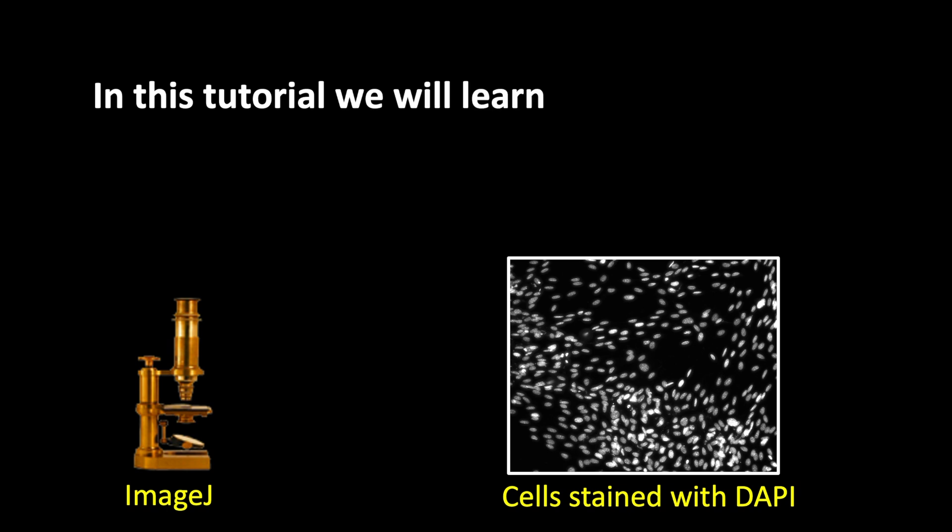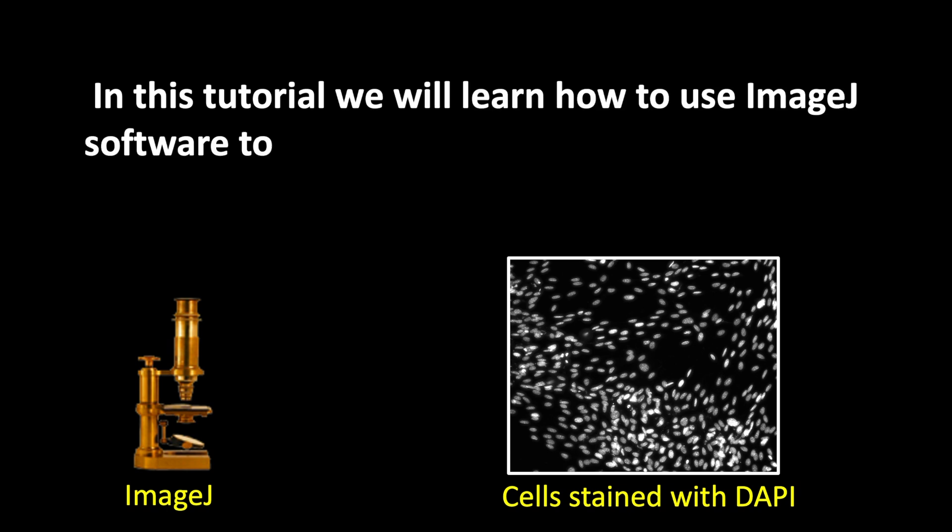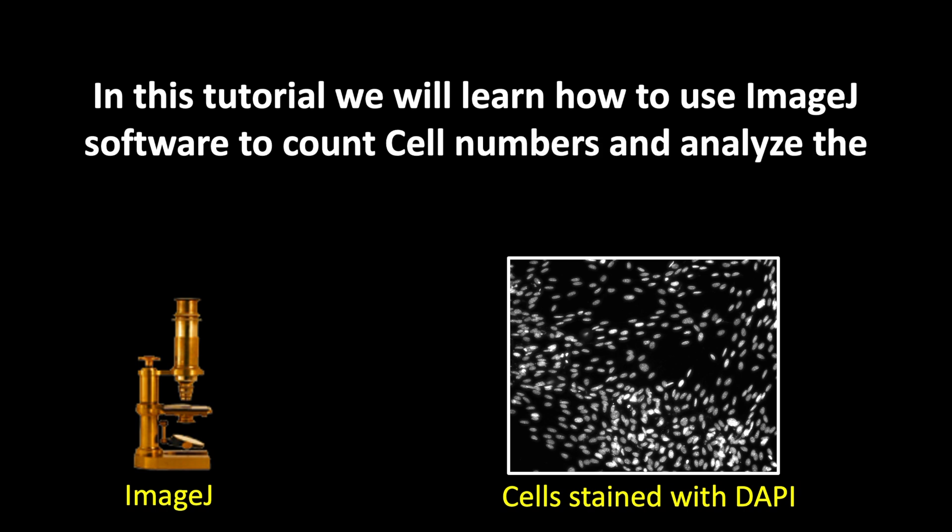In this tutorial, we will learn how to use ImageJ software to count cell numbers and analyze the area and the intensity.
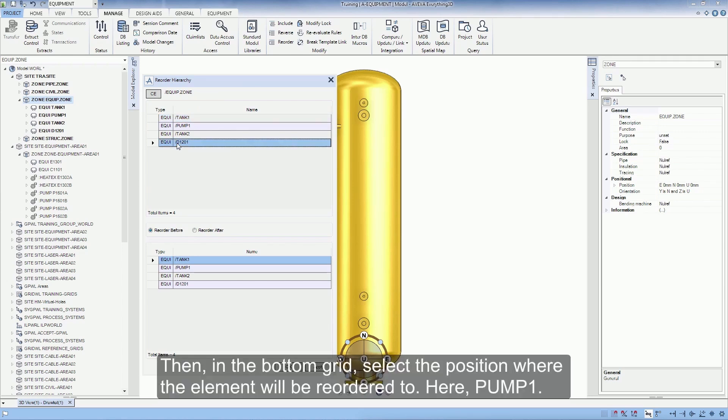Then, in the bottom grid, select the position where the element will be reordered to, here Pump1.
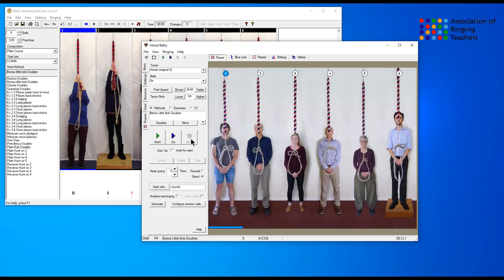So there you have it, how to set up Bisto or Bisto little Bob doubles in your simulator in both virtual belfry and Abel. Hope this has been useful, thanks for watching and we'll see you all very soon.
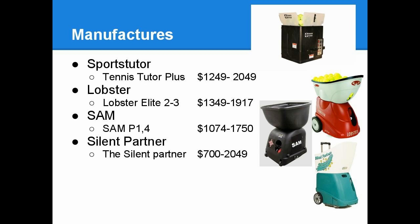The next one is Lobster. I looked at the Elite 2 and 3 models, which range from a price of $1,349 to $1,917.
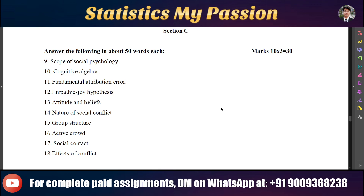The first question is the scope of social psychology. The second is cognitive algebra. The third is fundamental attribution error. The fourth is the empathic joy hypothesis. The fifth is attitude and beliefs.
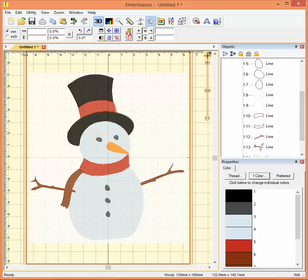Basically it helps us keep track of the elements, the objects in a design while we're editing or creating a design.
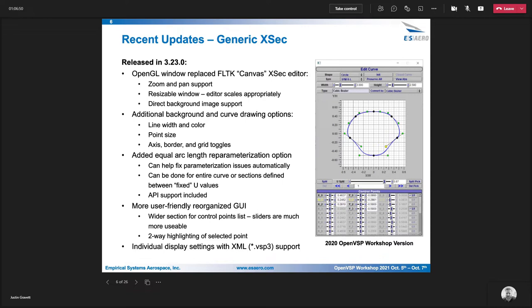The next thing added was an equal arc length reparameterization option. And I'll demonstrate that in a little bit here. But that allows you to make some improvements to fix parameterization issues that you may have introduced by moving around the control points. The GUI overall was just made more user friendly in 3.23.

WHAT YOU WILL DO -> The expected output is the run of lines from the one containing "The first question" to the last line of the listing above, both included, word for word and free of pictures.

TASK RESPONSE ->
The first question is the scope of social psychology. The second is cognitive algebra. The third is fundamental attribution error. The fourth is the empathic joy hypothesis. The fifth is attitude and beliefs.
Basically it helps us keep track of the elements, the objects in a design while we're editing or creating a design.
The next thing added was an equal arc length reparameterization option. And I'll demonstrate that in a little bit here. But that allows you to make some improvements to fix parameterization issues that you may have introduced by moving around the control points. The GUI overall was just made more user friendly in 3.23.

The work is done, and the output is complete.